Twitter expands its hateful conduct policy based on religion

Last year, Twitter asked for feedback to ensure that it considers a wide range of perspectives and received more than 8,000 responses from people located in more than 30 countries.

Social media company Twitter said it is expanding its rules against hateful conduct against language that dehumanises others on the basis of religion.

In a blog post, the company wrote that tweets like the ones below will be taken down from the site when they’re reported to the company.

Twitter also clarified, tweets that break this new rule tweeted before today will need to be deleted, but will not directly result in any account suspensions because they were tweeted before the rule was set.

The social media giant has been following on it by setting rules to keep people safe on the platform. It has continuously evolved to reflect the realities of the world we operate within.

"Our primary focus is on addressing the risks of offline harm, and research shows that dehumanising language increases that risk.
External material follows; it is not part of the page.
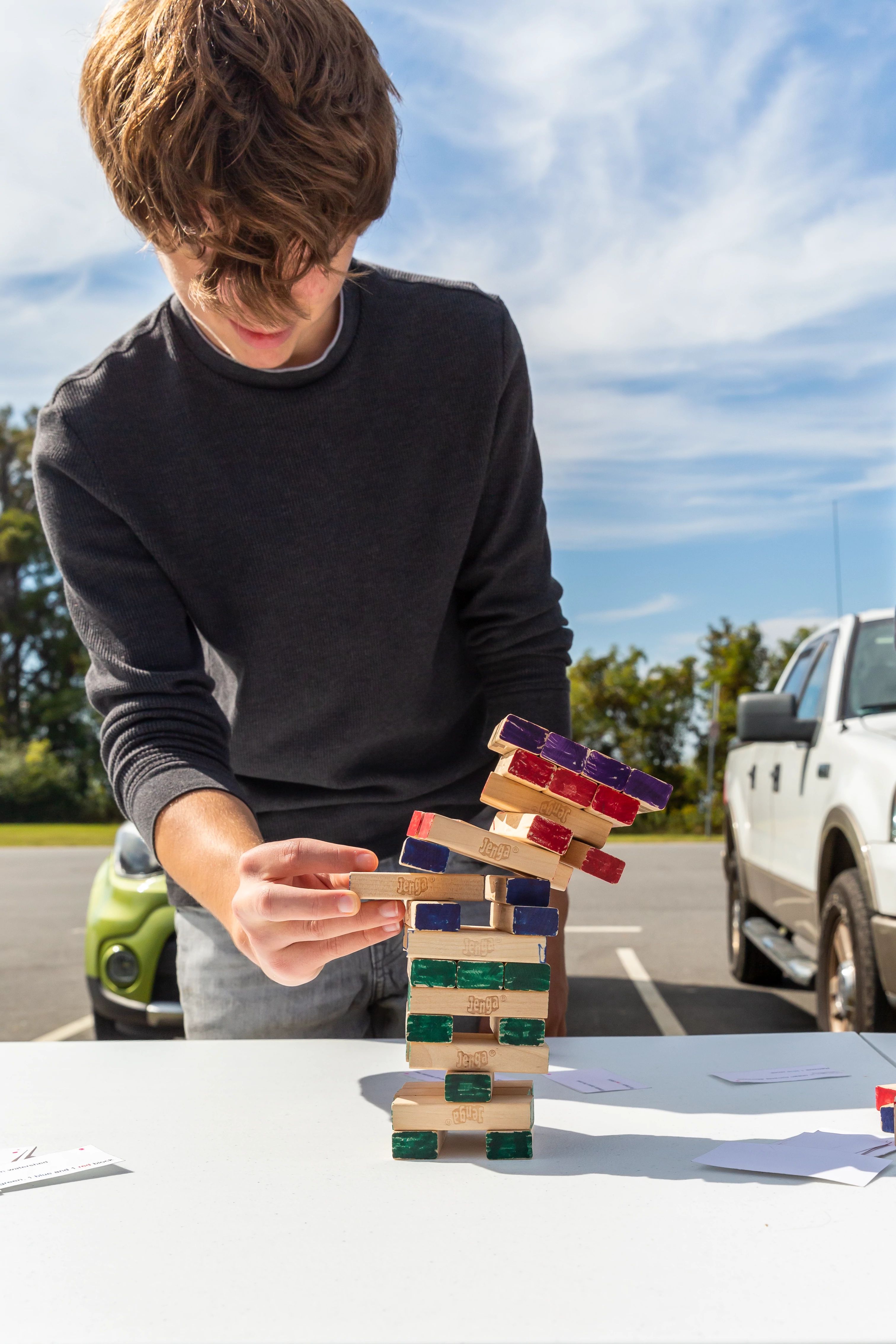 A Menchville High School student plays a trophic cascade Jenga game.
As a result, after months of conversations and feedback from the public, external experts and our own teams, we’re expanding our rules against hateful conduct to include language that dehumanises others on the basis of religion," the blog post added.

Why start with religious groups?

Twitter says that it asked for feedback last year to ensure that it considers a wide range of perspectives and hear directly from the users from different communities and cultures around the globe.

"In two weeks, we received more than 8,000 responses from people located in more than 30 countries," said Twitter.

Some of the most consistent feedback it received included:

Clearer language — Across languages, people believed the proposed change could be improved by providing more details, examples of violations, and explanations for when and how context is considered.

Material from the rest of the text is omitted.